I did allude to earlier that one’s appreciation for the album is based upon the fact as to whether or not one is using this music as a background soundtrack or not. The thing with The Mess We’ve Made is that the lyrics are, well, a bit of a mess, and merely exist for the sake of having something melodic to sing over the music, and have little other utility. Exhibit A? There’s actually a song on here called “Kindness”, as in “killed by ... ”. The duo’s reliance on cliché is evident in spades here, and is so cloying that you might derive greater satisfaction from replacing the vocal line with the sound of fingers being scratched against a blackboard. Similarly, “Nursery Rhyme” boasts the following nonsensical lyric that borrows a little liberally from Warren Zevon: “Some people say you should sleep when you’re dead / But I kinda like the world that lives in my head / I’ve got no clue as to what you and I might get ourselves into". I’m reminded here of the beleaguered Ash from ‘80s Saturday morning cartoon Kidd Video attempting to string meaningful sentences together in his songwriting. Same problem applies here. Davis and company evidently don’t have much worth saying, and you might wonder if some of these songs were better served as being instrumentals.

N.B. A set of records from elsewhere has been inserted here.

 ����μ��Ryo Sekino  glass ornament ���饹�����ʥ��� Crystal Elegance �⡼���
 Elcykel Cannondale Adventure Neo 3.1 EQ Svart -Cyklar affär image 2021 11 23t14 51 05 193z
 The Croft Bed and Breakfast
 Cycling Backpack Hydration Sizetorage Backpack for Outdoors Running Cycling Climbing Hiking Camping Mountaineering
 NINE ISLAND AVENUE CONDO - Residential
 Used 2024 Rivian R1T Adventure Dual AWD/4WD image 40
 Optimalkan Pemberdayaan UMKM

Overall, The Mess We’ve Made is not bad for an indie pop album, I suppose. The first time I listened to it, I wasn’t particularly enamoured by it; when I put the album on as something to have on while I went about my business one Sunday evening making myself some curry in the kitchen, I found things to be a little more bouncy and enjoyable. Ultimately, that means that the record is something that works if you don’t really sit down with it and listen to it on headphones – it’s more musical wallpaper than anything else. Ambient pop music, maybe. Your mileage might vary, but Bad Veins have effectively made a record that is only worthwhile if you don’t pay very much attention to it. That might make the duo a little glum and unhappy, but if they really wanted to make an album that was worthy of more staying power, they should dial back some of their more experimental tendencies and work on making their words much more memorable. Put another way, if the band wants to earn the kind of accolades they appeared used to getting on their debut, they needed to do a bit more than simply wear Army uniforms as an image gimmick. They needed to apply military marching precision to their music. Still, that all said, you could do worse than The Mess We’ve Made: The songs are generally catchy and you might dance around to it in your living room. It’s just that the record is merely good, instead of being great – something that is somewhat gripping, but loses its grip on the most important thing of all: having songs that are genuinely memorable and stick well beyond a quick hit here or there. Maybe they really need a third person as an editor, after all, instead of a reel-to-reel tape recorder that can’t talk back and provide feedback. All I can really add to that is, well, maybe it's time to sing "Goodnight, Irene".